Farewell Μανόλης Γλέζος : Reading, criticising and resisting to the end

In recent weeks I’ve been trying to write something both critical and useful about the present COVID-19 crisis. My stumbling effort is put to shame upon hearing of the death of the great Greek critic and political activist, Manolis Glezos at the age of 98. Even in his final decade he was still writing, a book on social mobilisation here, a history of acronyms there.

Together with Apostolos Santis, he earned legendary status in Greece on account of their dramatic act – the date, April 30th 1941. The daring duo tore down the swastika from the Acropolis. It had been hung on the ancient monument by the occupying Nazis. In their words they determined to remove the flag as it “offended all human ideals”.

However he was to become frustrated by the attention given to this impulsive heroism, remarking that ‘everyone identifies me with the flag incident…but I had done things before that, I had done things after that, and I’m doing things now.’

Indeed he had. Across the decades Glezos was imprisoned twenty eight times by the Germans, the Italians and then by Greek governments, suffering torture and solitary confinement. At the coup d’état of 21 April 1967, Glezos was arrested as a leader of the Left Opposition. During the Regime of the Colonels, the military dictatorship led by Giorgos Papadopoulos, he was exiled until his release in 1971. Looking back on nearly 16 years of incarceration he commented:

“They say to survive in prison you should love yourself, eat and read. Well I never loved myself, I didn’t care about food but I constantly read.”

His mercurial life witnessed him struggling with the classical contradiction between the price of involvement in parliamentary politics and the necessity of an extra-parliamentary commitment to struggle from below. In fact he was elected to the Greek Parliament on four occasions prior to the 21st century, twice as a representative of the United Democratic Left in the 1960s whilst still in prison, twice in the 1980s on a PASOK ticket, at the time the Greek version of the British Labour Party.
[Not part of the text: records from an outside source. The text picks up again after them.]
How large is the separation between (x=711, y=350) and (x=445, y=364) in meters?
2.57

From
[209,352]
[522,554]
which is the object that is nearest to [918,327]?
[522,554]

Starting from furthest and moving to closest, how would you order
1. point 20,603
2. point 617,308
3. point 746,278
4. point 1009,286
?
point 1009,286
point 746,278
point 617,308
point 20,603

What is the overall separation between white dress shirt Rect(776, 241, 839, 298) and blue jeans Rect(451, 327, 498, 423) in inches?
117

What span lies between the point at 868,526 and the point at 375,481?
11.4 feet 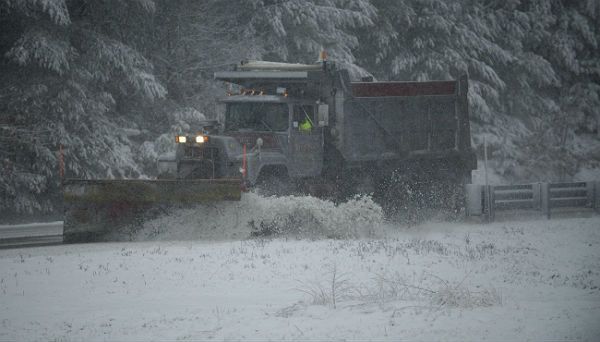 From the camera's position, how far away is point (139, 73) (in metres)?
18.4

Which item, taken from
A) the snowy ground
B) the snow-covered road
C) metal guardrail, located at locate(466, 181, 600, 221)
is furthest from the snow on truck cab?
the snow-covered road

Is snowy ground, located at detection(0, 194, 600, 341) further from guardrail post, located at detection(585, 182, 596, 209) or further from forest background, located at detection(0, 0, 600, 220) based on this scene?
forest background, located at detection(0, 0, 600, 220)

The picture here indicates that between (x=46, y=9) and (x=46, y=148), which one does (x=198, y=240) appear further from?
(x=46, y=9)

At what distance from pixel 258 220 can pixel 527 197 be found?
A: 7379mm

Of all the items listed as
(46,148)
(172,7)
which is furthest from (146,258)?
(172,7)

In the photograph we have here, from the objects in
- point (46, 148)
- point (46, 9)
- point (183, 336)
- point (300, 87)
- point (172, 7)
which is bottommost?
point (183, 336)

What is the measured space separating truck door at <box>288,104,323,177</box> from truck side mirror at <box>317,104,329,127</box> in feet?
0.44

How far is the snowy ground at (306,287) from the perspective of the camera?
22.8 feet

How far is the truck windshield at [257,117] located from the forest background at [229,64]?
5.16m

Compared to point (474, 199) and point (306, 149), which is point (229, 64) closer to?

It would seem he was chastened by this latter experience, withdrawing from Parliament to devote himself to the nurturing of grass-roots democratic projects and initiatives.

This focus was inspired by his love for the short-lived, but vibrant period of Athenian democracy, which in the words of Castoriadis sowed a seed, both frail yet hardy, for the future. When elected in 1986 as President of the Apeiranthos Community Council on Naxos, his home island, he immediately sought support for abolishing the privileges of the council, promoting the creation of a People’s Assembly founded on principles of direct democracy. Evidently the experiment was successful for many years, before it ran out of democratic steam. It would be fascinating to find out more about its demise, whether, to take but one factor, it foundered on the lack of a democratic commitment within a hierarchical Greek educational system.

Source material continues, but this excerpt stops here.